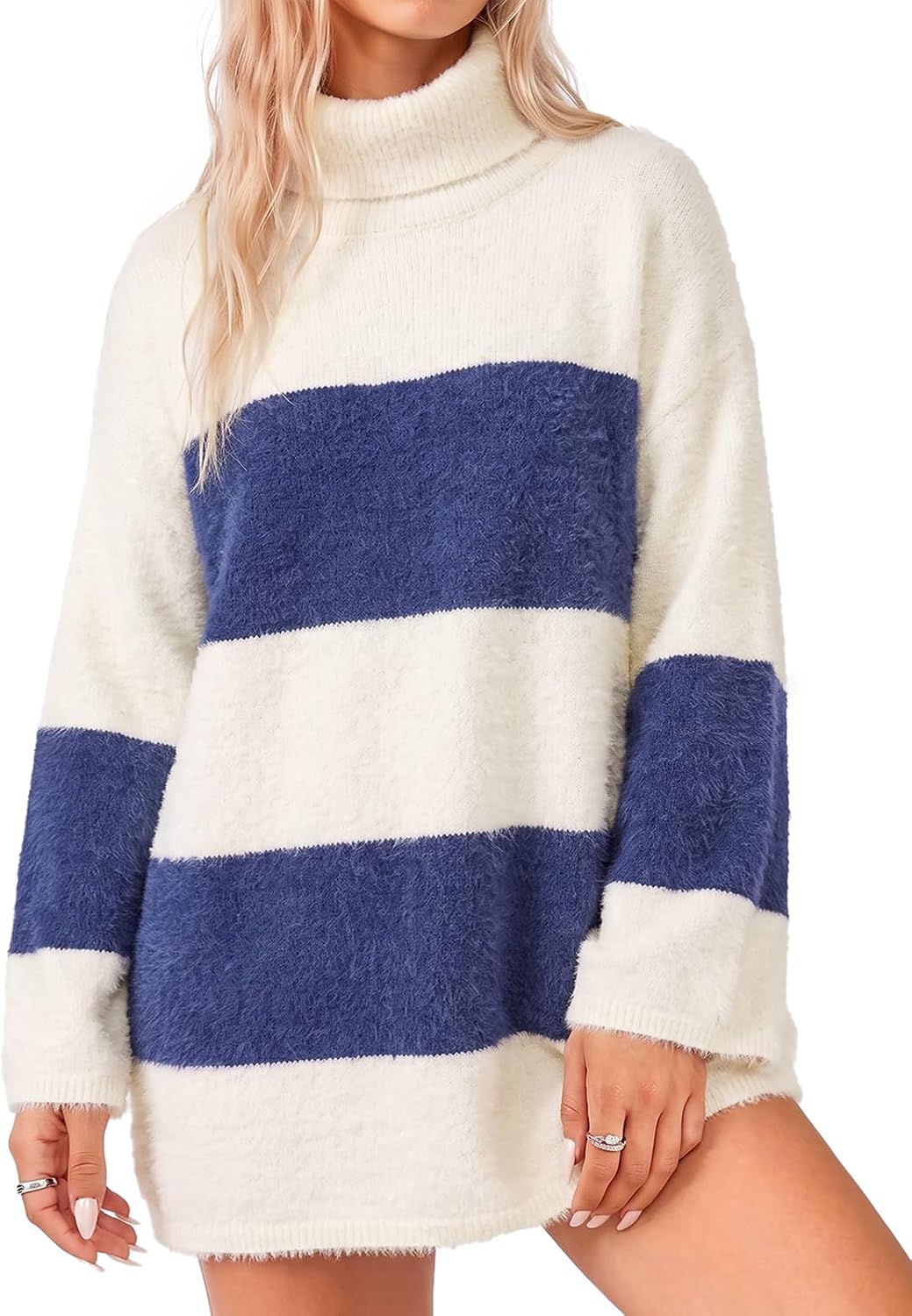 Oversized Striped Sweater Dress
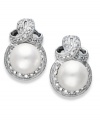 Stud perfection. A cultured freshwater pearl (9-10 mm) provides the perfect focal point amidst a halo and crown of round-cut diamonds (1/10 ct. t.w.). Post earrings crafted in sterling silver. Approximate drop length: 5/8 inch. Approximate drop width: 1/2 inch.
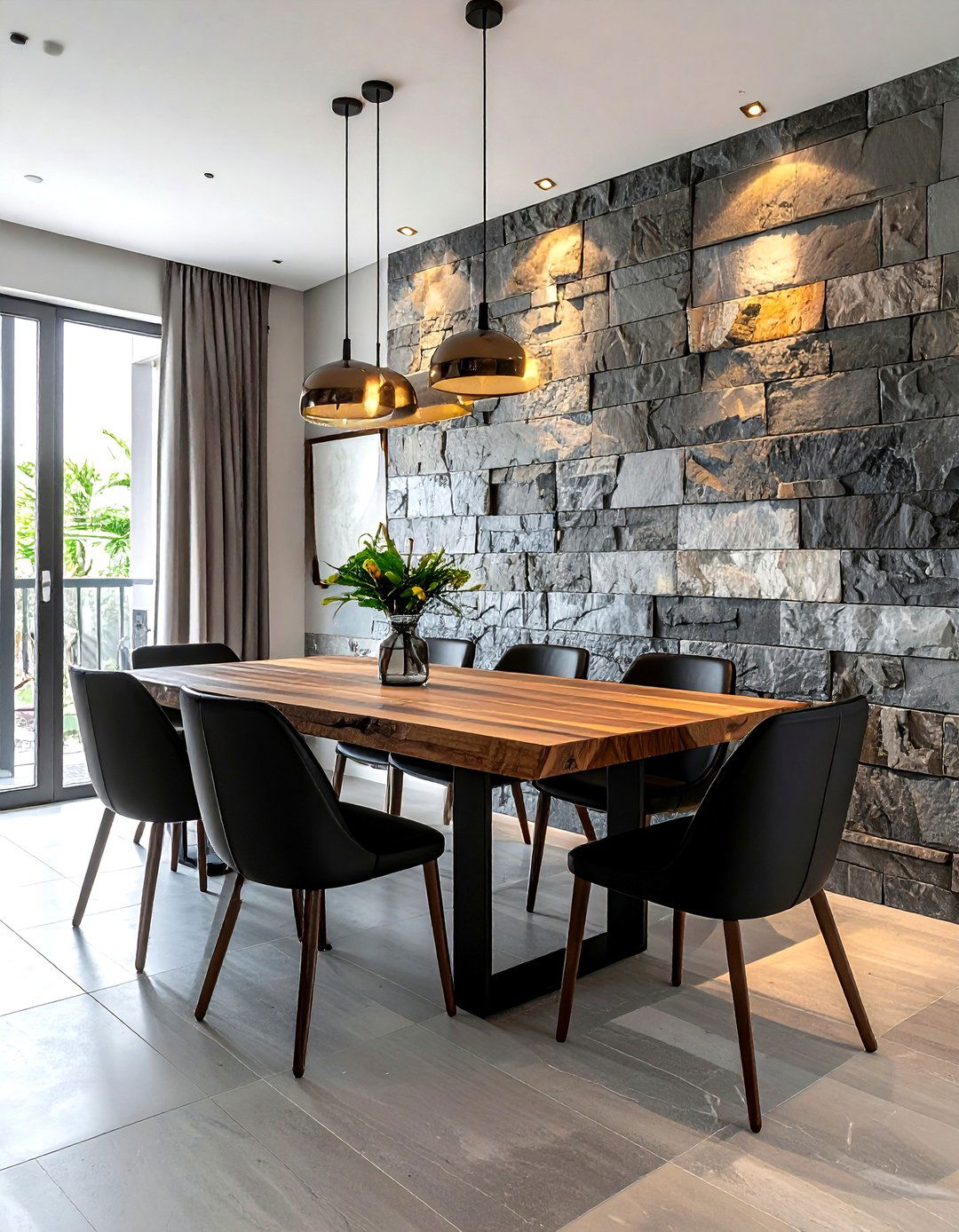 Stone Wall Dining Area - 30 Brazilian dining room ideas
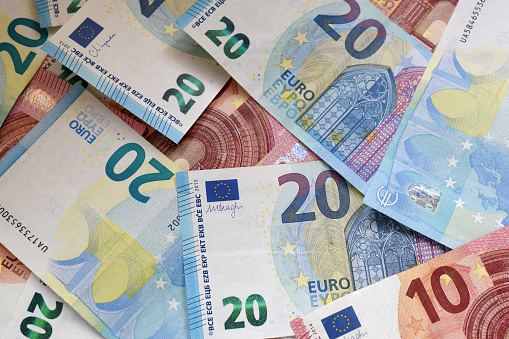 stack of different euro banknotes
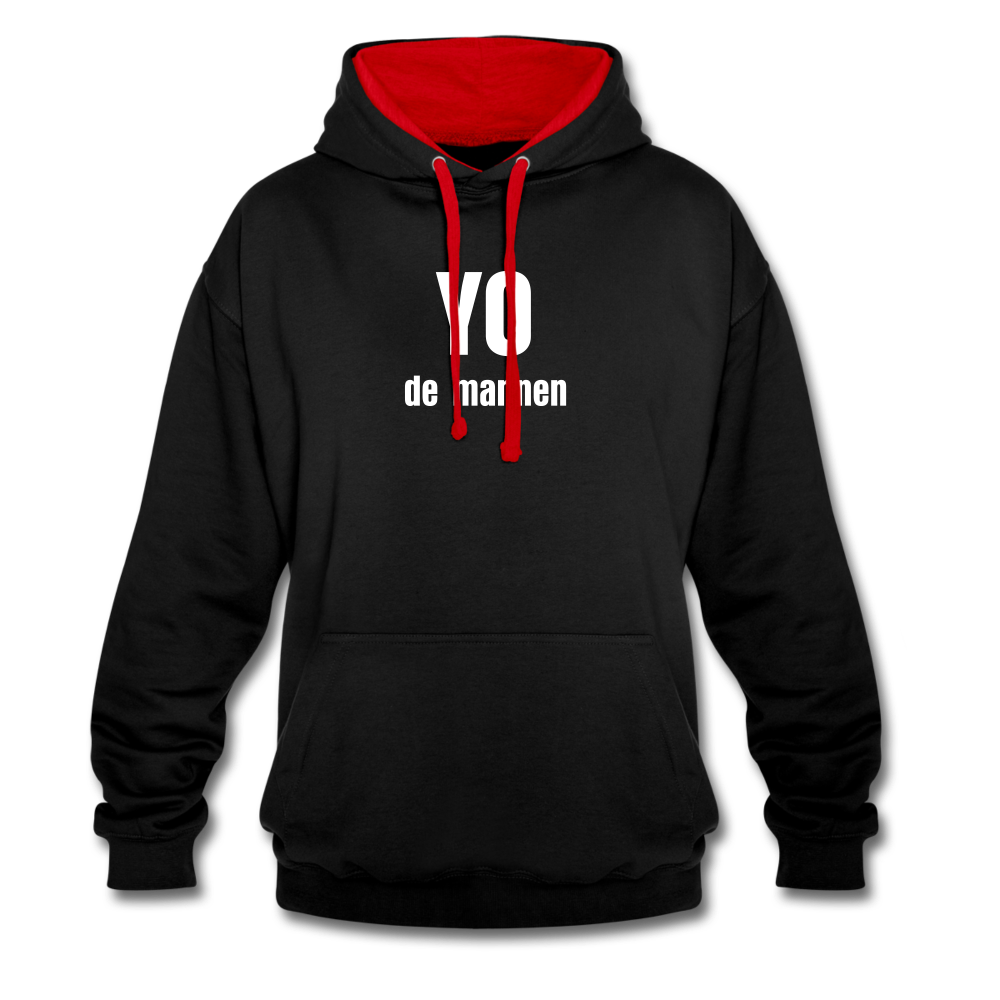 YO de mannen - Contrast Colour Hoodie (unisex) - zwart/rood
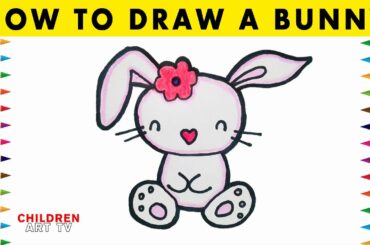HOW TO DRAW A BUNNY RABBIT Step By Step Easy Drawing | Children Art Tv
※ ※ ※
What are the lines above from the one with "Stud perfection. A" to the one with "Stone Wall Dining", both included? Reproduce them exactly, without pictures.

 Stud perfection. A cultured freshwater pearl (9-10 mm) provides the perfect focal point amidst a halo and crown of round-cut diamonds (1/10 ct. t.w.). Post earrings crafted in sterling silver. Approximate drop length: 5/8 inch. Approximate drop width: 1/2 inch.
 Stone Wall Dining Area - 30 Brazilian dining room ideas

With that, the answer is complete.